ヴィスコンティに見出されたアンドレセン、その瞬間の記録映像も
本作には1970年代当時の記録映像も多数収められている。『ベニスに死す』で老齢の作曲家が魅入られる美少年・タジオ役のオーディション風景は、現代の感覚からすると衝撃的だ。ヴィスコンティの遠慮ないコメントとリクエストに戸惑い、ぎこちない笑顔を見せる15歳のアンドレセンの人生はその瞬間に変わった。

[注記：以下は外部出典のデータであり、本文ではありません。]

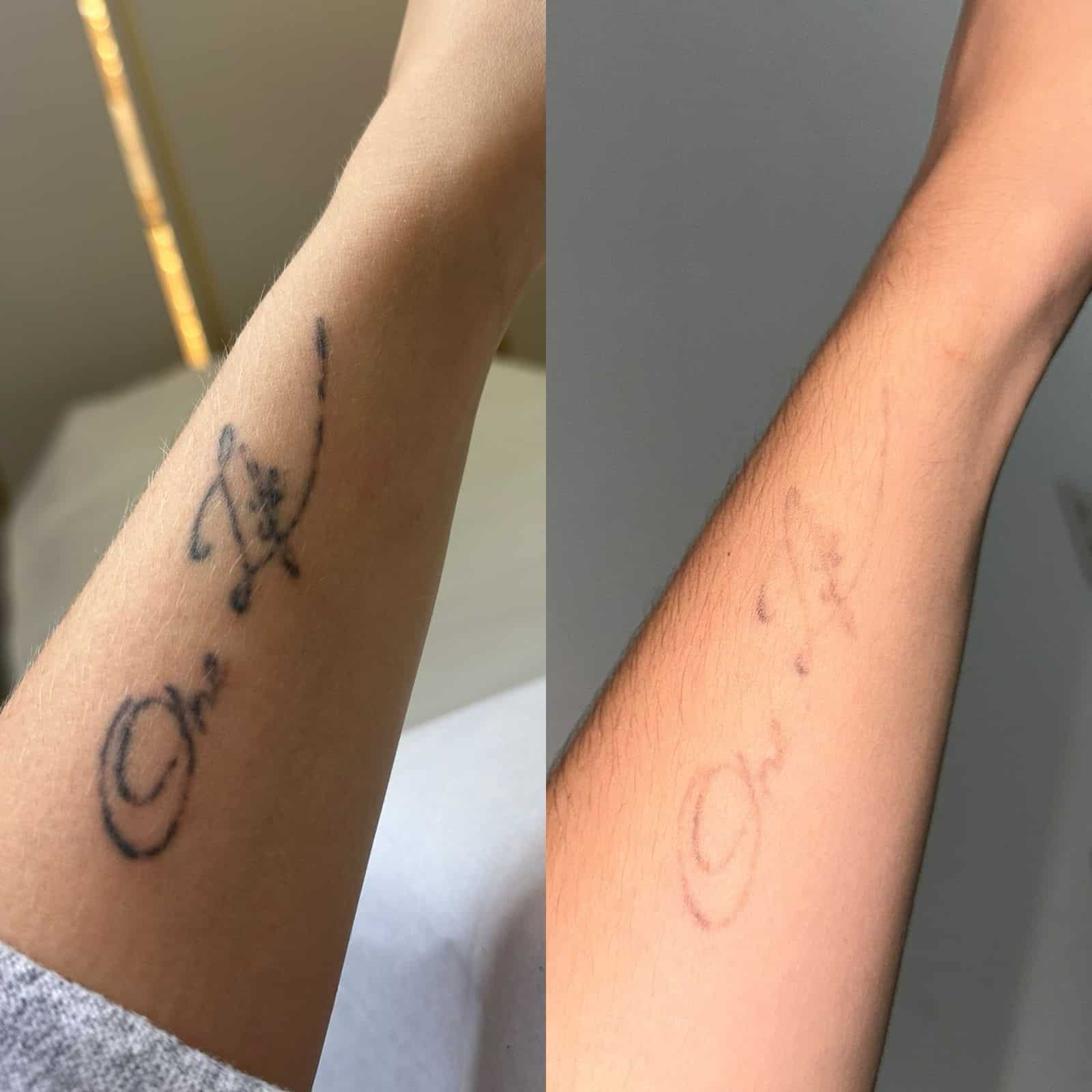 Remoção de tatuagens depende de técnica profissional, disciplina e cuidados adequados com a pele. Foto: Divulgação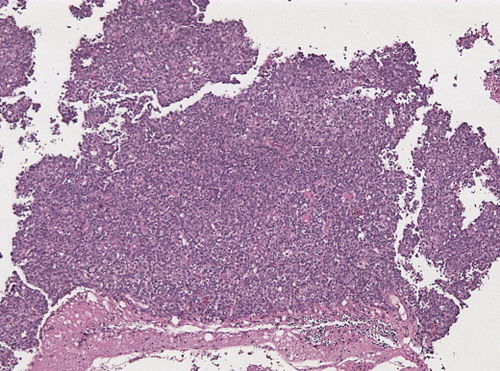 Neuropathology case IV 01.jpg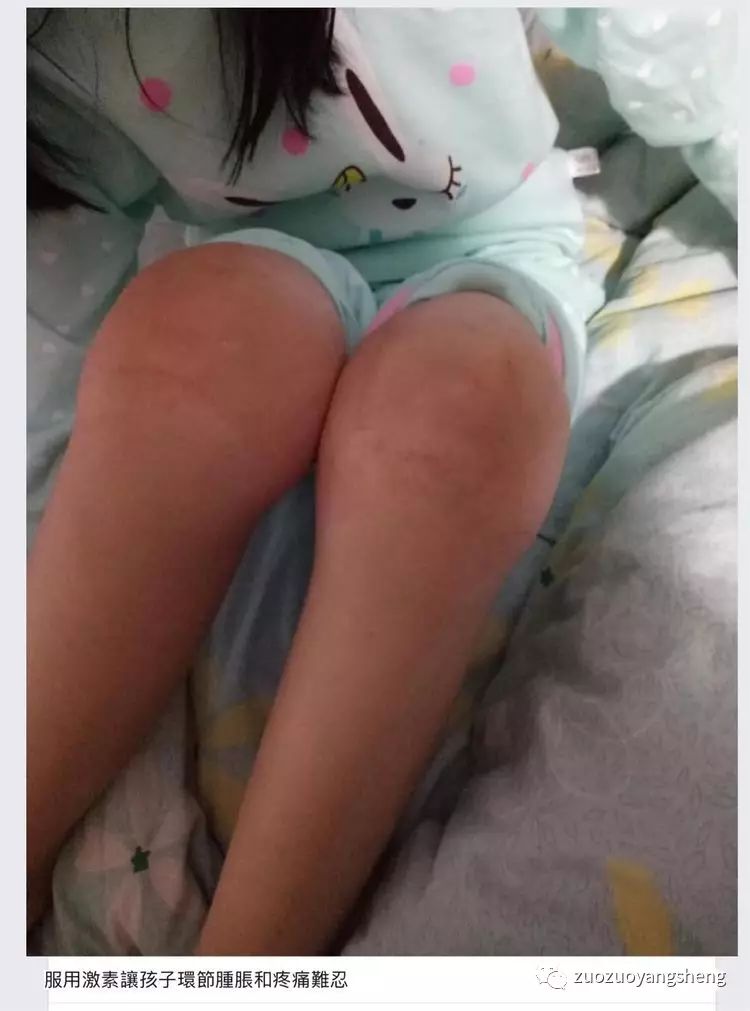 案例分享：原始点调理好服用激素和生物制剂5年的宝宝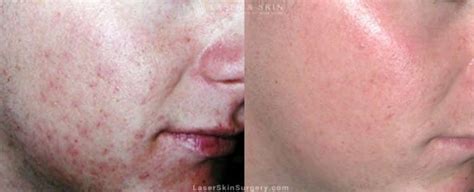 Acne & Acne Scar Treatment New York, NY | Laser Center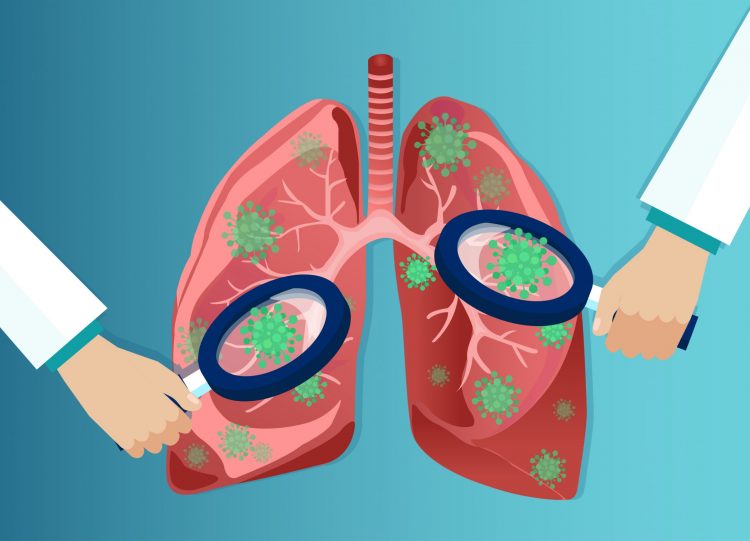 cartoon of magnifying glasses over covid-19 particles in lungs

映画公開後、特に人気が沸騰した日本ではレコード・デビューし、チョコレートのCMにも出演するアイドルだった。アンドレセンは2018年に約50年ぶりに日本を再訪し、かつてのマネージャー、歌手デビューをバックアップした音楽プロデューサーの酒井政利氏と旧交を温め、アンドレセンをモデルに「ベルサイユのばら」のオスカルを描いた漫画家の池田理代子氏とも対面する。
日本語での挨拶が必ず「オハヨウゴザイマス」という芸能界仕様なのは、半世紀前の日本で彼がどう過ごしていたのかがわかる。朝から晩まで忙しく、怪しげな錠剤を飲まされて元気を出し、働き続けた。ヨーロッパに戻れば、その美貌が露骨に欲望の対象とされるもっと過酷な境遇が待っていた。
過去に向き合い、生き抜く。その姿は今なお美しい
アンドレセンは父親を知らず、幼くして母を亡くし、育ての親の祖母はステージママ化したという。そんな生い立ちや過去に受けた仕打ちを明かす語り口も表情も淡々としている。傷つきすぎた結果、何も期待しなくなった。そんな風にも見える。だが人を寄せつけない頑なさもない。そして、今作のスタッフの力を借りて、疎遠になっていた関係者や記録をたどり、知らなかった“自分”を探していく。
何も包み隠さず赤裸々に、全てを観客とシェアする代償として、ようやく自分自身も知らなかった過去にアクセスする。そのオープンな姿勢は、きっと15歳の頃から今も変わらず、ナイーブで繊細なビョルン・アンドレセンという存在そのものの人柄なのだろう。あまりにも多くの悲しみの1つ1つを生き抜き、これからも生きていく。あの夏のタジオのように、冬の海辺に佇む今のビョルン・アンドレセンの姿も美しいのだ。(文:冨永由紀/映画ライター)
『世界で一番美しい少年』は2021年12月17日より全国順次公開。